What is needed is an exact copy of the lines in the entries below from the one holding "соль ск Камышлов" through the one holding "福建省公务员准考证打印时间Word文件下载.docx_第3页", pictures excluded.

◆ **Stored data**:
● ● ●

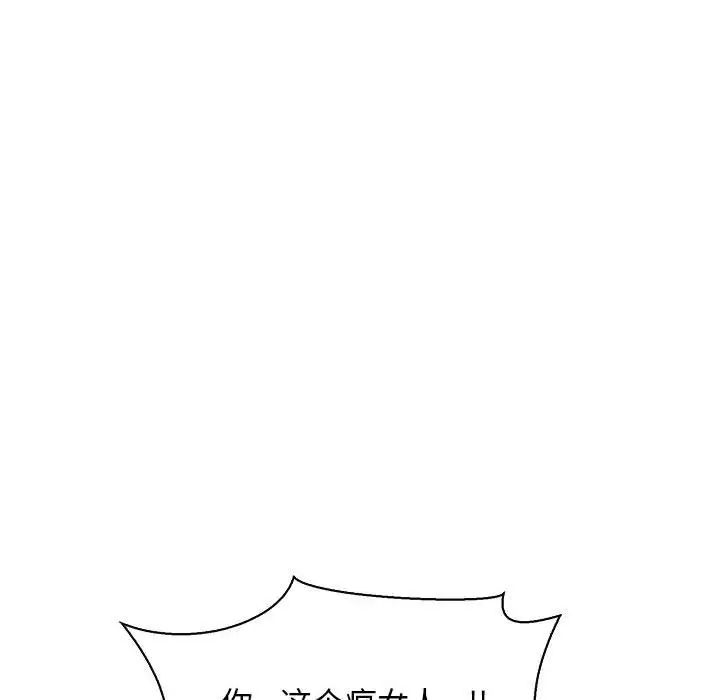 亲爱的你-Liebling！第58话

● ● ●

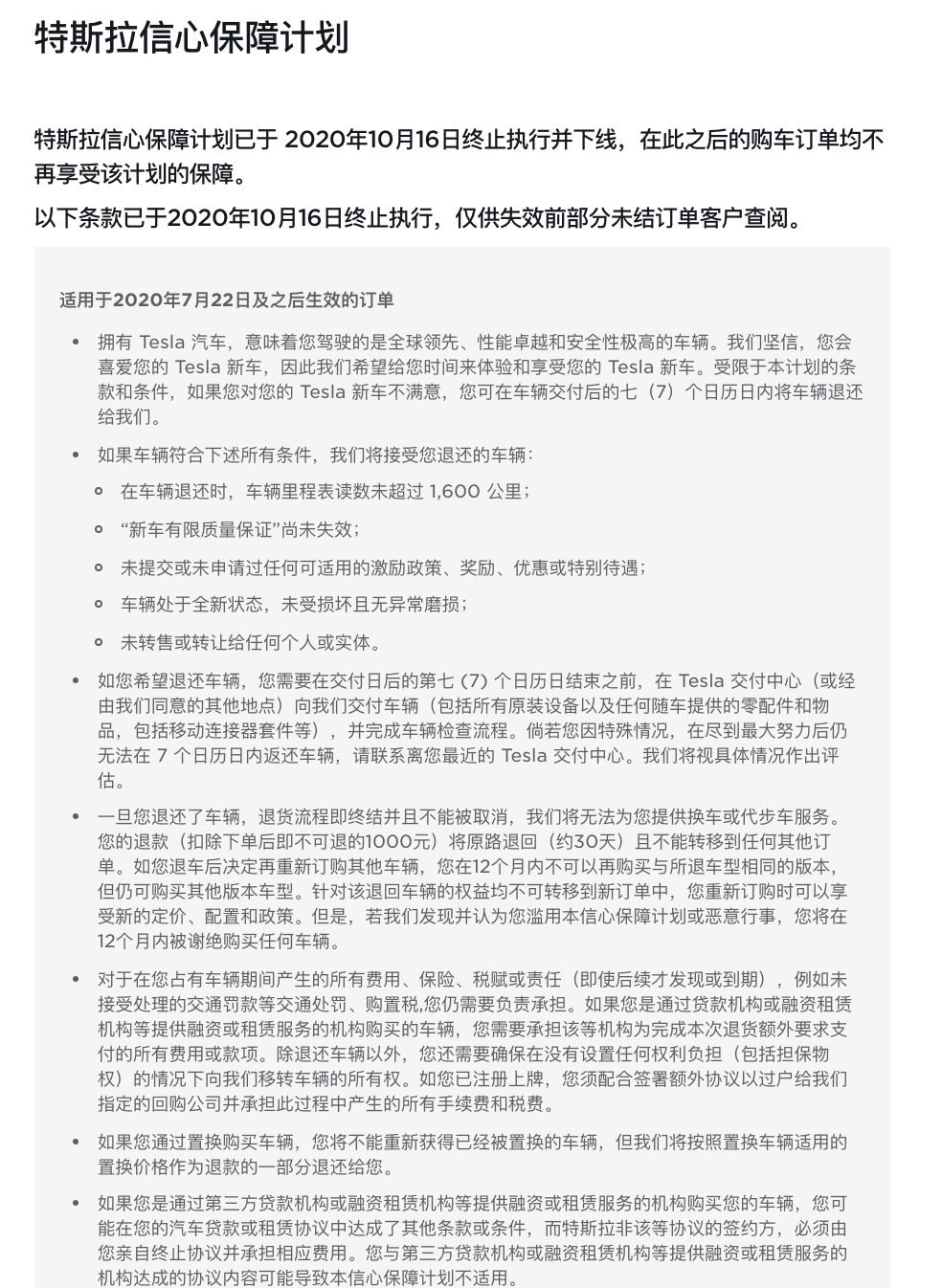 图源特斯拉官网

● ● ●

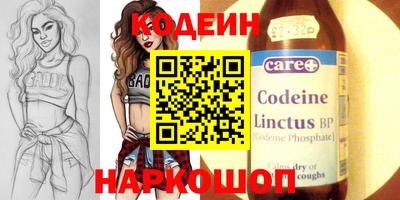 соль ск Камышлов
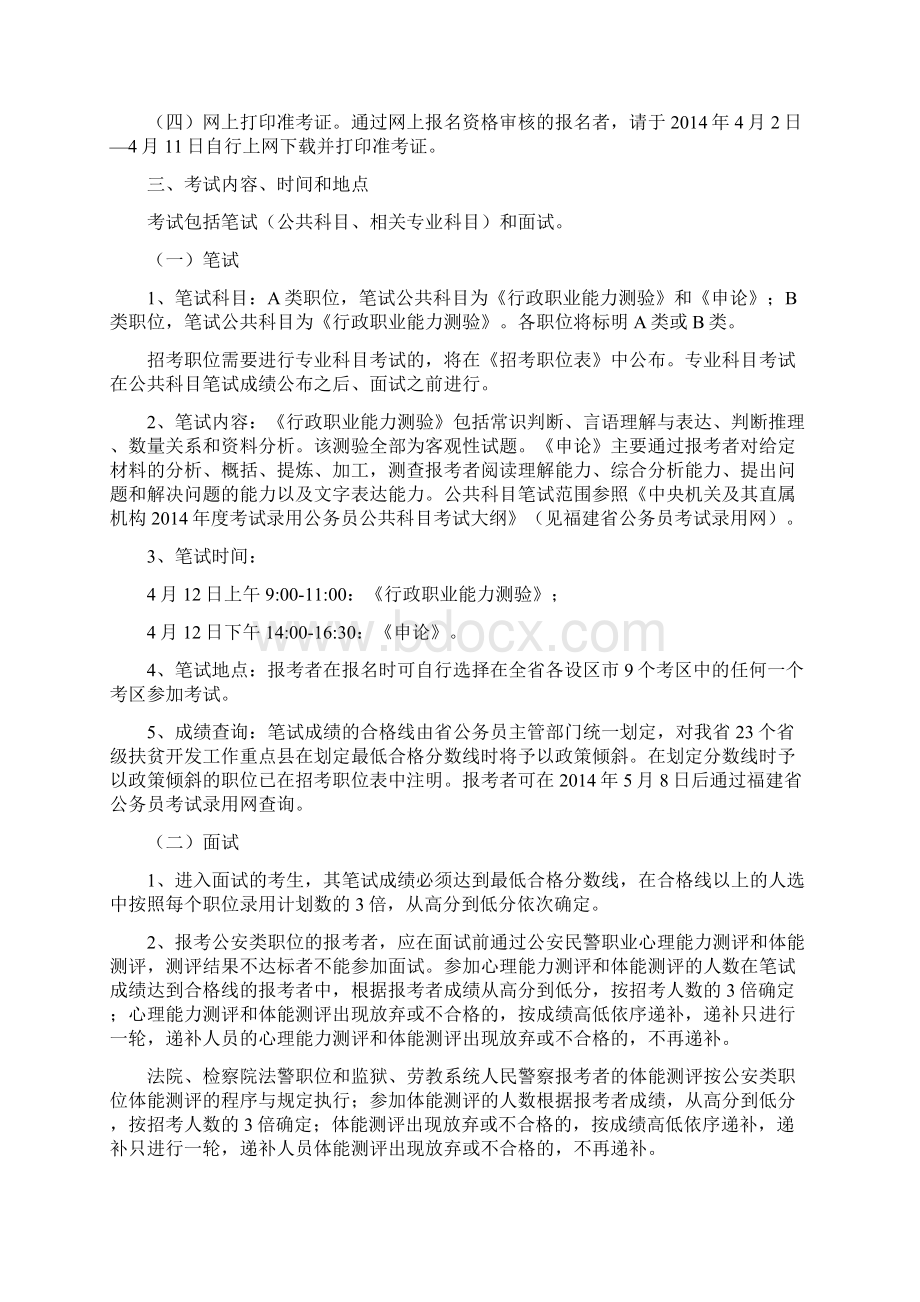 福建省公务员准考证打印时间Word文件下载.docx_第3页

● ● ●

◆ **Answer**:
 соль ск Камышлов
 福建省公务员准考证打印时间Word文件下载.docx_第3页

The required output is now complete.